» DATA SHOWN
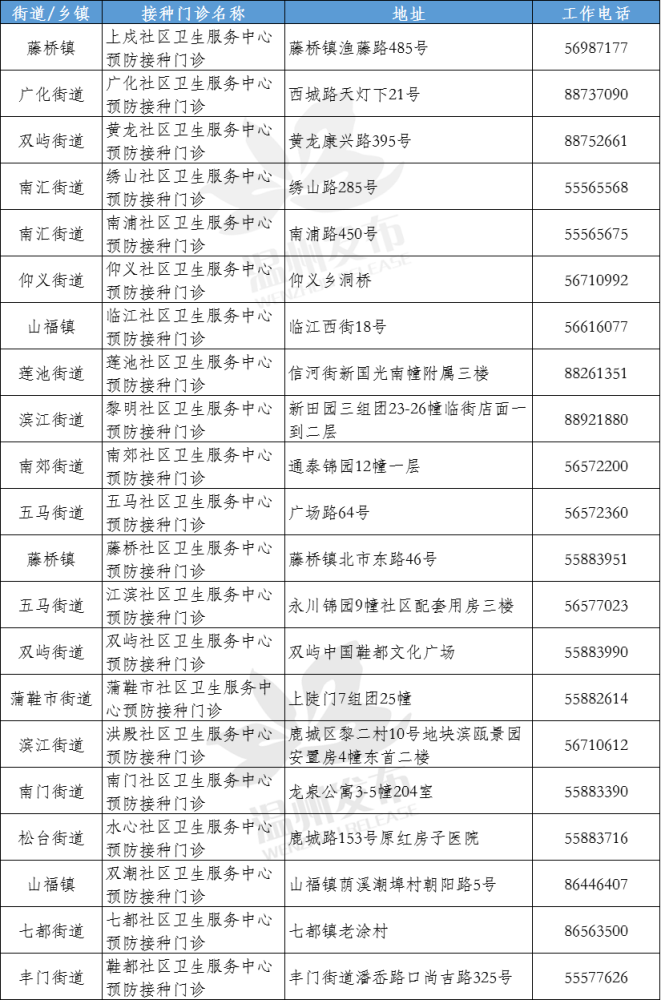 新冠疫苗|全民免费！全面开放！关于新冠疫苗接种，浙江两地官宣…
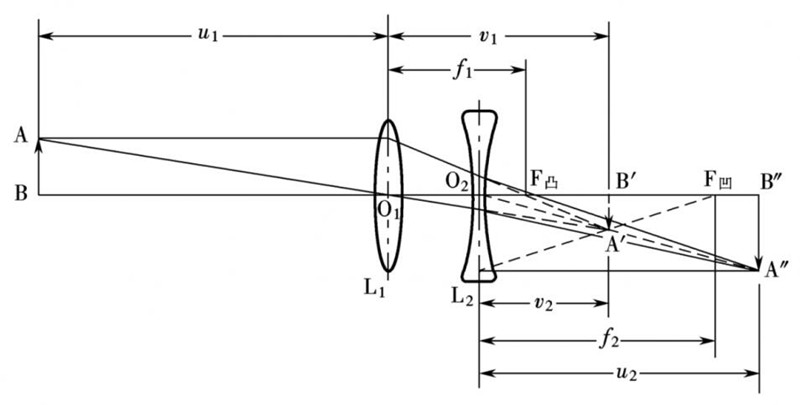 Drawing of Spherical Lens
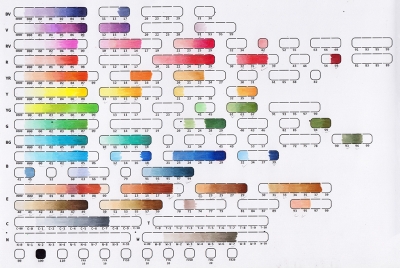 Using the Copic blending colour chart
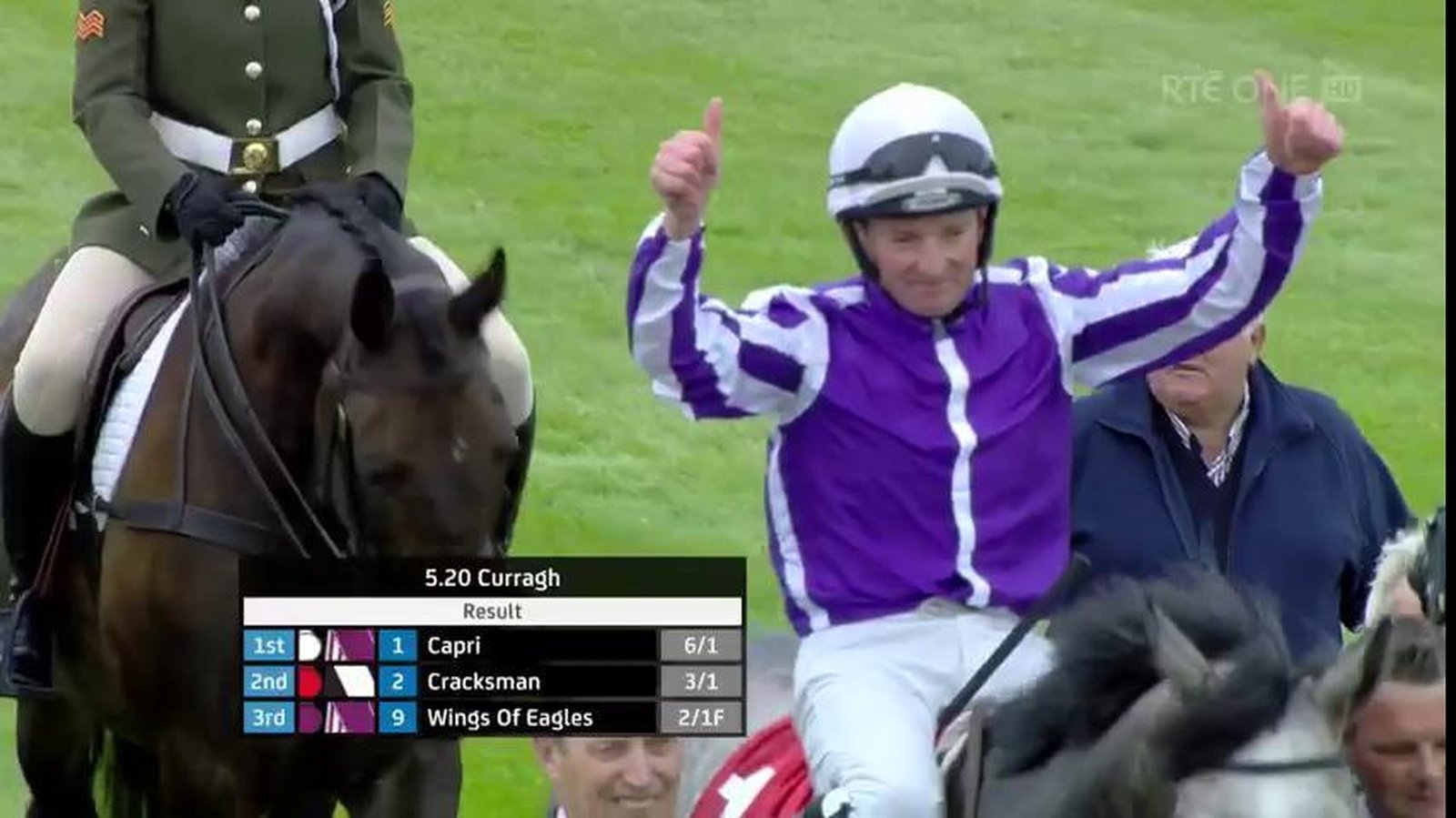 Capri on course for return ahead of possible Arc bid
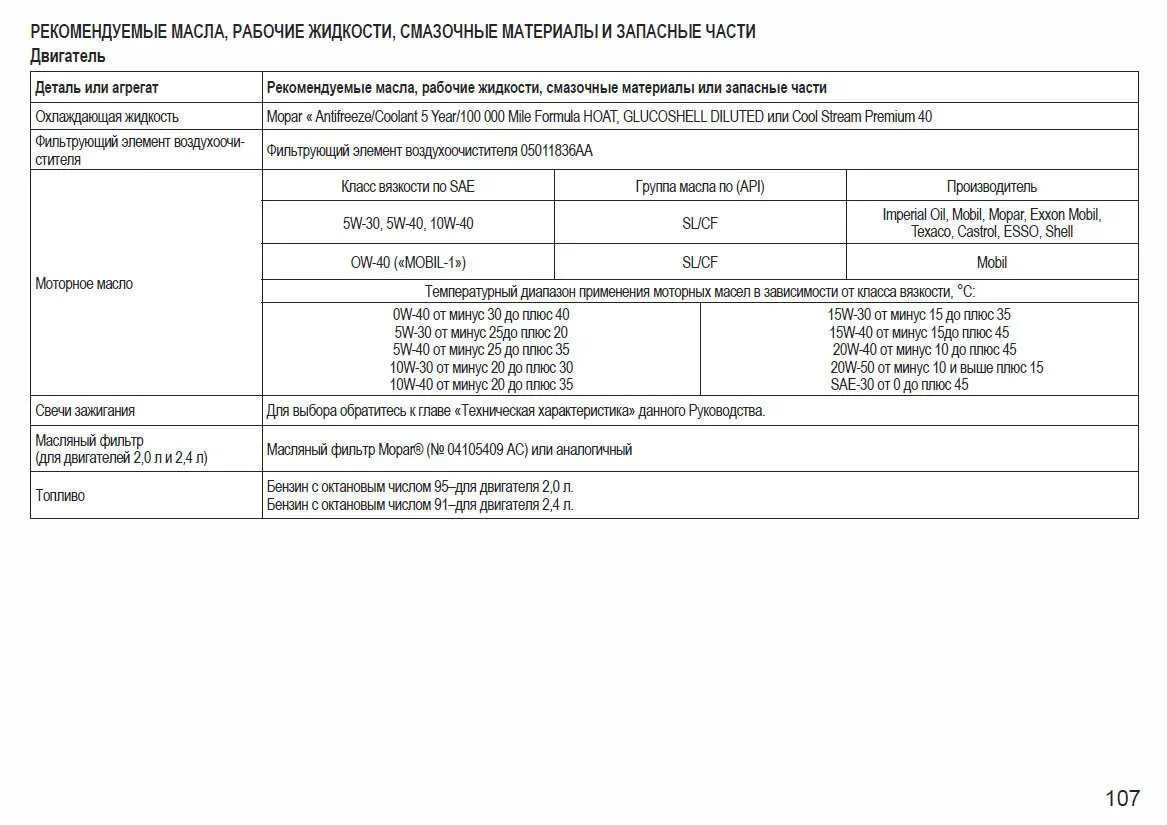 ГАЗ 31105 Крайслер заправочные объемы. Заправочные емкости Волга Сайбер 2.4. Объем масла Волга Сайбер 2,4. Заправочные ёмкости ГАЗ 31105.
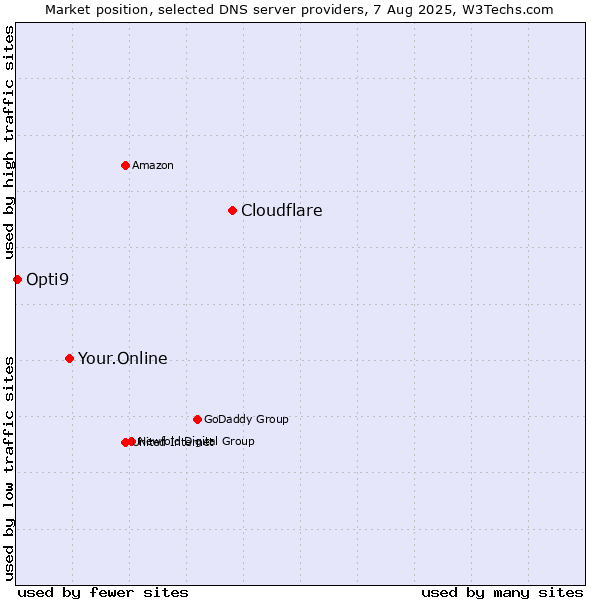 Market position of Cloudflare vs. Your.Online vs. Opti9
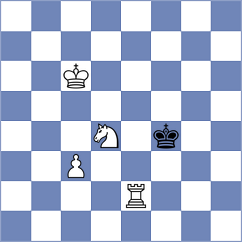 Timmermans - Chizhikov (chess.com INT, 2022)
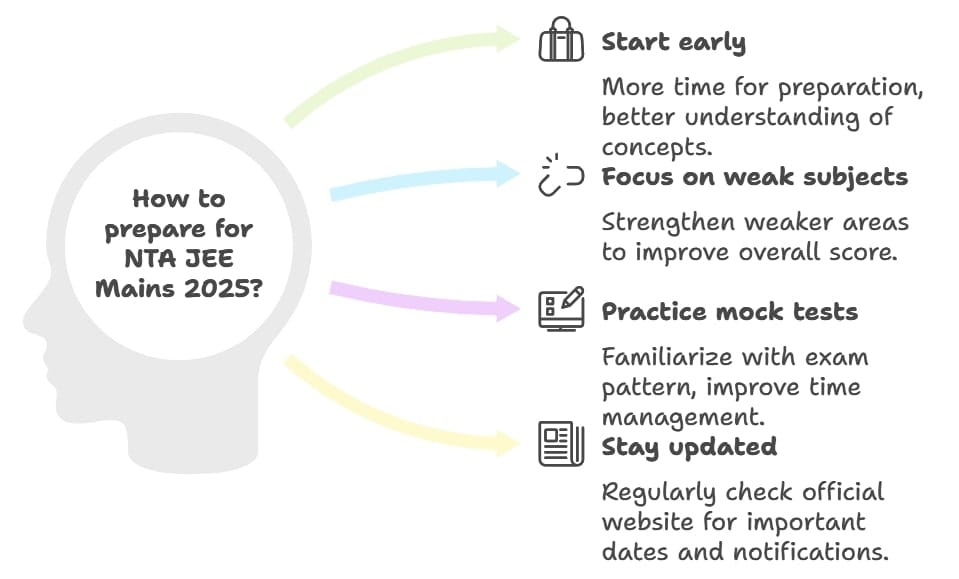 NTA JEE Mains 2025 preparation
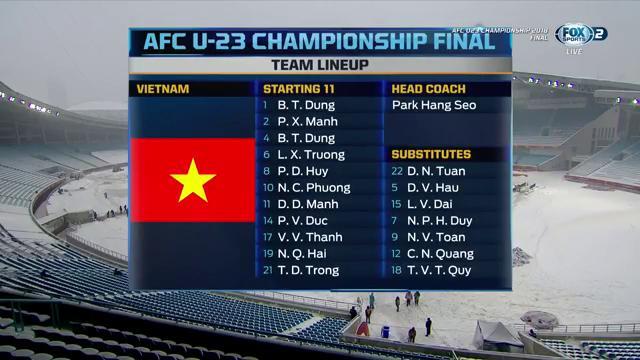 Đội hình U23 Việt Nam được HLV Park Hang-seo sắp xếp giống trận gặp U23 Iraq.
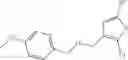 Fig. 82 - Bisaryl heterocycles as NRF2 activators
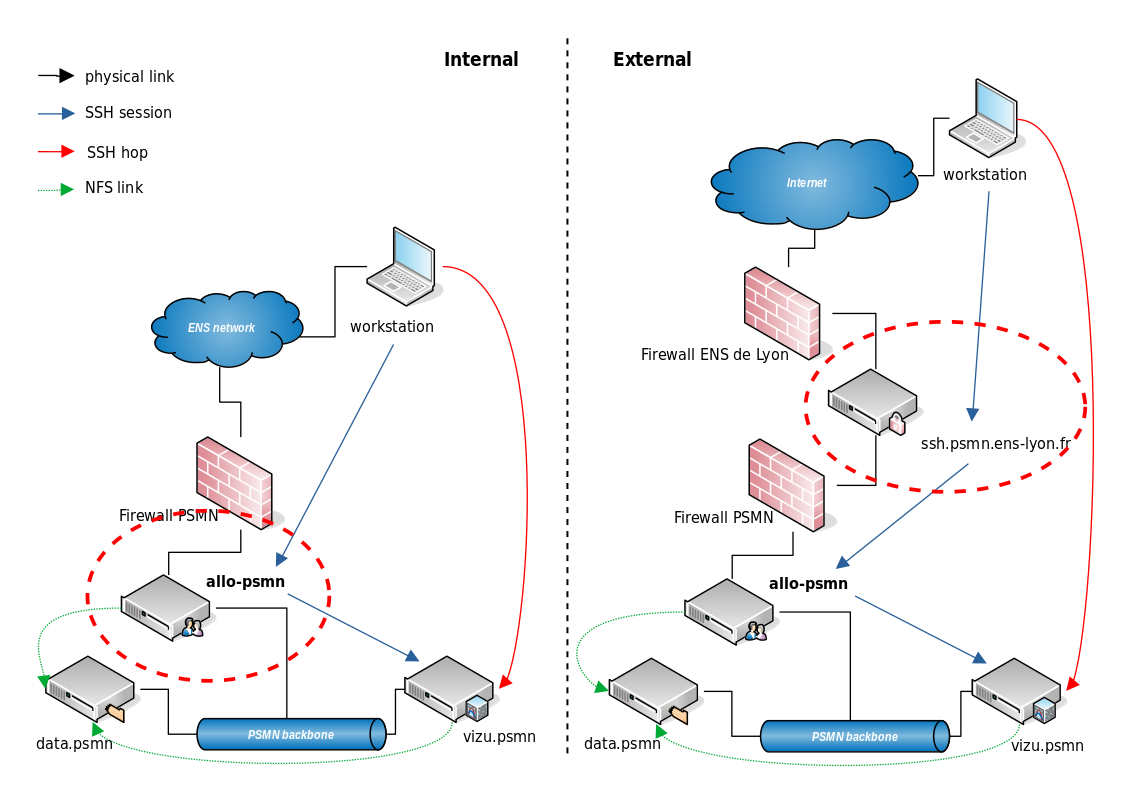 PSMN gateways synoptic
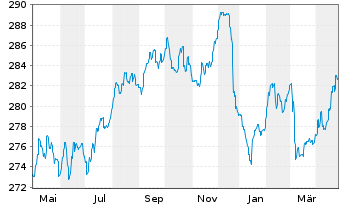 Chart Pictet Funds (LUX)-EUR Bds Namens-Ant. P Distr  - 1 Jahr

» WORK ORDER
The entries above should be retyped exactly, minus any pictures.

» RESULT FOR THIS TASK
 新冠疫苗|全民免费！全面开放！关于新冠疫苗接种，浙江两地官宣…
 Drawing of Spherical Lens
 Using the Copic blending colour chart
 Capri on course for return ahead of possible Arc bid
 ГАЗ 31105 Крайслер заправочные объемы. Заправочные емкости Волга Сайбер 2.4. Объем масла Волга Сайбер 2,4. Заправочные ёмкости ГАЗ 31105.
 Market position of Cloudflare vs. Your.Online vs. Opti9
 Timmermans - Chizhikov (chess.com INT, 2022)
 NTA JEE Mains 2025 preparation
 Đội hình U23 Việt Nam được HLV Park Hang-seo sắp xếp giống trận gặp U23 Iraq.
 Fig. 82 - Bisaryl heterocycles as NRF2 activators
 PSMN gateways synoptic
 Chart Pictet Funds (LUX)-EUR Bds Namens-Ant. P Distr  - 1 Jahr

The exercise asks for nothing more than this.